There is no doubt that achieving happiness despite difficult circumstances in life is an enormous challenge. Yet, the Talmud teaches that God does not give anyone tests they can not overcome. The word in Hebrew for test is nisayon, whose root nes means “to lift up.” The nature of a test is to force us to extend ourselves beyond what we think we are capable of. When we succeed we are lifted up to an entirely new spiritual level. The same root also means “miracle.” When we do our part in overcoming adversity and go beyond our present capabilities we open ourselves up to the possibility of small, or even large, personal “miracles.”
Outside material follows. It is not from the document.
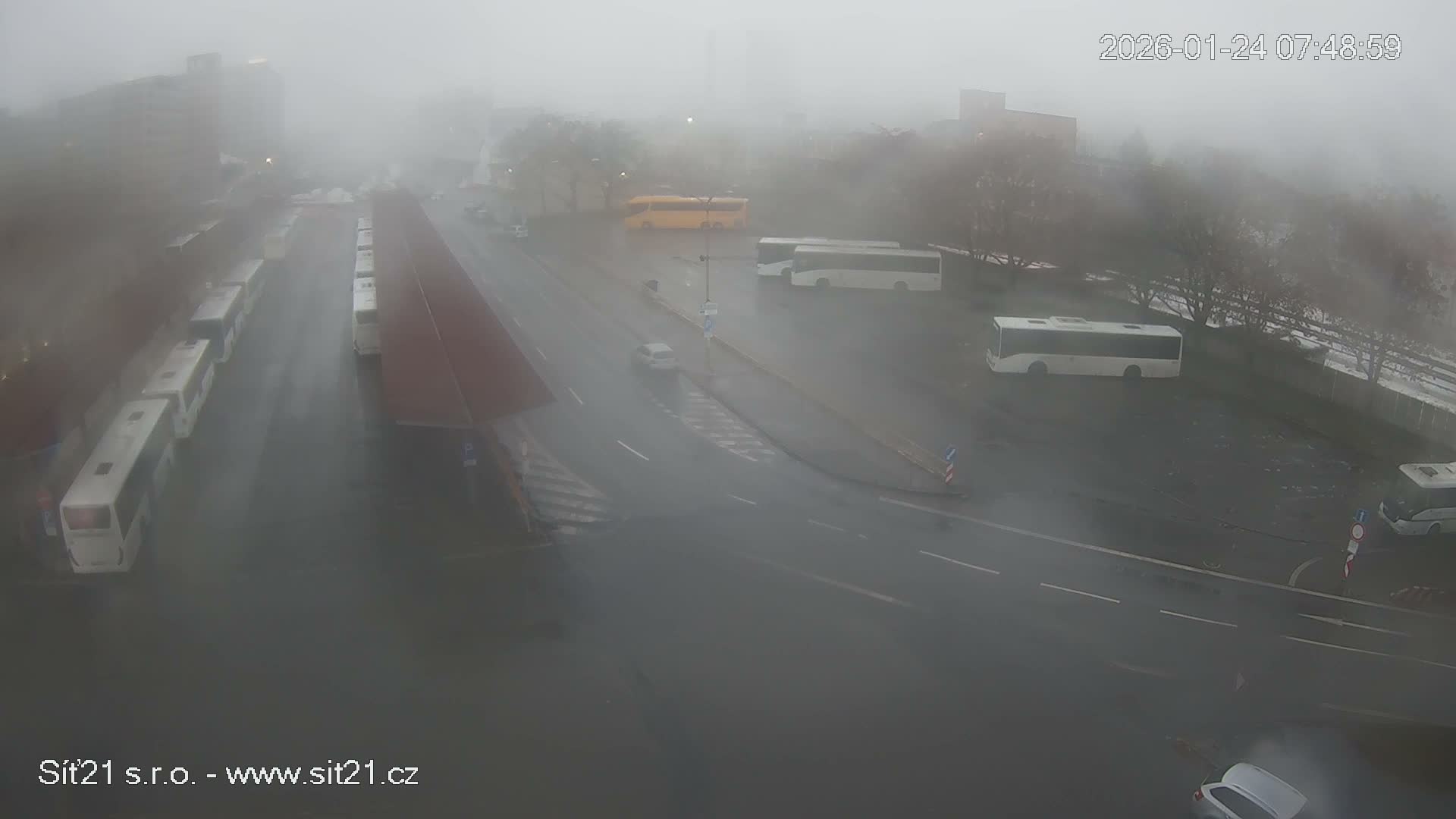 Zlín Main Train & Bus Station Live Cam -  Zlin 1, Zlin, Czechia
I am always amazed and inspired by those who are physically challenged, yet seem to be well adjusted, accepting of their circumstances and determined to get on with life. I often wonder if I was in their situation if I could rise to the occasion.
In Kabbalah this world is called the “world of rectification.” A basic belief in Judaism is that nothing happens without a reason and purpose, even if it is beyond our ability to understand. Therefore, all difficulties in life have a purpose and are meant ultimately to lead to a state of rectification. When one realizes this then the bigger picture of human suffering becomes more clear and easier to deal with.
Kabbalah explains that many circumstances of suffering and physical impairments are rooted in previous lives. Therefore that which may be a ”curse” may in truth be an opportunity to clear the slate and rectify that which needs to be corrected. Only God knows these ultimate truths, but each person must try to deal with the hand they were dealt in the belief that it is all for the good.